LIAM MACKEY: Faraway hills are green

Montecatini last night literally rolled out the green carpet, as Giovanni Trapattoni, Marco Tardelli and the Ireland squad were formally welcomed to this beautiful Tuscan spa town, the reception committee including the Lord Mayor Giuseppi Bellandi and the reigning Miss Italy Stefania Bivone.

“We are delighted to host a nation as proud as that of Ireland,” said Bellandi, kicking off a succession of tributes. “And we are lucky the coach of the Irish team is a beloved man in Italian sport and a unique person.”

Trapattoni seemed genuinely moved. “I got a little bit emotional listening to some of things that were said,” he admitted. “I seem to be getting a bit sensitive these days. I and the team appreciate the welcome very much and are glad to be training here for the week.’’

Asked if he now felt more loved by the Irish or the Italians, Trapattoni told a large audience: “When John Delaney talked to me about becoming the manager, I asked if I had been chosen because I was born on St Patrick’s Day. But I also told him that I don’t do miracles — only the players do miracles.”

The venue for the civic reception, the magnificent Stabilimento Tettucio, is the most famous of the grand villas housing the thermal spas which made Montecatini Terme’s belle époque reputation as a place of well-being and recuperation for the rich and royal.

Passing between its soaring marble columns last night, Trap, Dunney, Duffer, Keano and the rest were walking in the footsteps of some other rather well-known personalities, such as the boy Puccini, who composed parts of ‘La Boheme’ here, and the lad Verdi, who resided in Montecatini for a number of years and in whose honour the main street is named.

While it would be a bit of an exaggeration to say this charming town is en fete for the visit of the Boys in Green, the locals have made an engaging effort to mark what the council designated Montecatini “Irish week”.

Tricolour bunting stretches between the buildings on the central Piazza Del Popolo, the local municipal bikes have been painted green and quite a few shops have created window displays in green, white and orange.

A programme of Irish-themed events has been laid out for the week and, dotted around the place, are posters in English announcing: “Montecatini Terme welcomes the Irishnational team and their manager.”

The serious stuff is very close now but it can still feel a distance awayin this lovely, laid-back, old world place.

The Irish team’s hotel is just the length of a route one ball off main street but, with the building screened by tall trees, the players’ lodgings remain hidden from prying eyes.

One TV crew stationed themselves outside the arched gateway into the hotel for a while yesterday morning but soon gave up after all they had to show for their efforts was a brief glimpse of goalkeeping coach Alan Kelly and a couple of the backroom staff on a short venture out before they retreated back to their sanctuary.

But no sooner had the TV crew turned their backs than, like the bloke outside the panda enclosure in the Kitkat ad, they missed the shot they were looking for.

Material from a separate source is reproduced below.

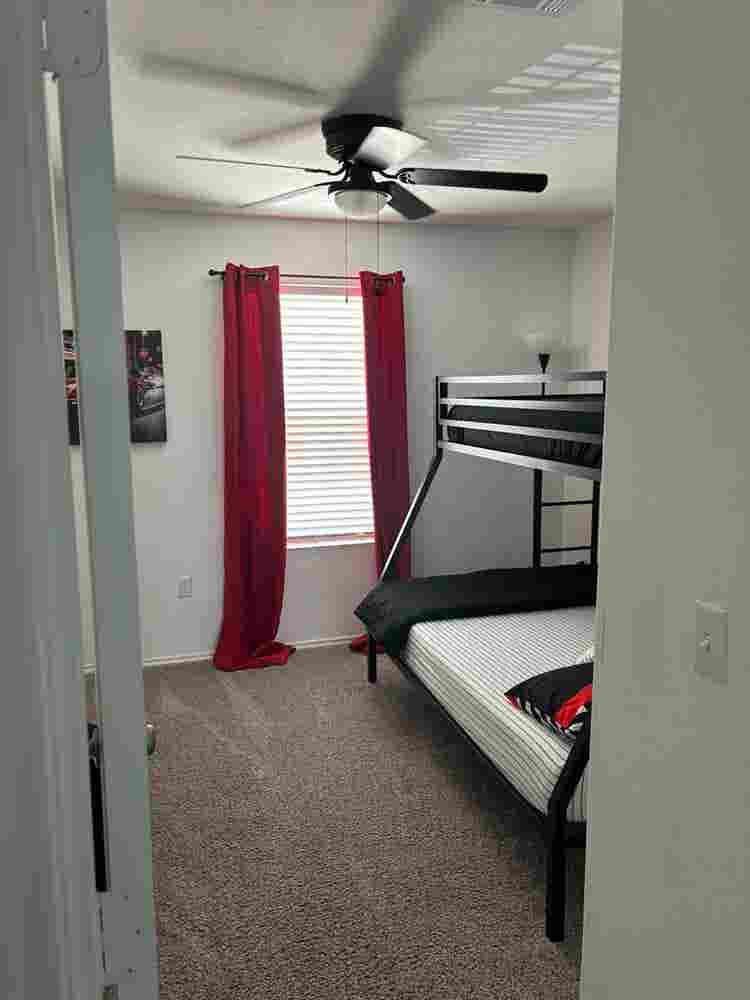 3 BR in Austin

It was a young Italian lad in the Piazza Del Popola who alerted us to the first confirmed sighting of a bone-fide Irish star outside the enclosure: Damien Duff, in full training gear, having a little morning wander on his own through the town.

The local could hardly contain his excitement. “Irelanda! Irlanda! Duffa! Duffa! Photo!” he shouted, as his quarry crossed the other side of the square, but he had to content himself with just a friendly wave from the fast-moving Duffer before the player disappeared from view.

Incidentally, one feels obliged to note one other way in which Tuscany has thoughtfully rolled out the green carpet: for our first full day in Montecatini, the local weather gods arranged for the sun to periodically disappear behind rain-bearing clouds, leaving the town’s Irish visitors yearning for the vivid blue skies and scorching sun of home.

Fortunately, by the time of last night’s ceremony of welcome, the sun had returned to cast a golden hue on ornate marble and stone, as the formalities took place in a beautiful open air setting. But, earlier, there had been a rather more informal but arguably even warmer welcome, when our media bus driver broke through the press ranks at the training ground to offer his own greeting to Ireland’s manager.

Raising his arms in triumph, he exclaimed “Don Giovanni!” and proceeded to shower him in hugs and kisses, for all the world as if the great man was a dear old friend returning home after too long away.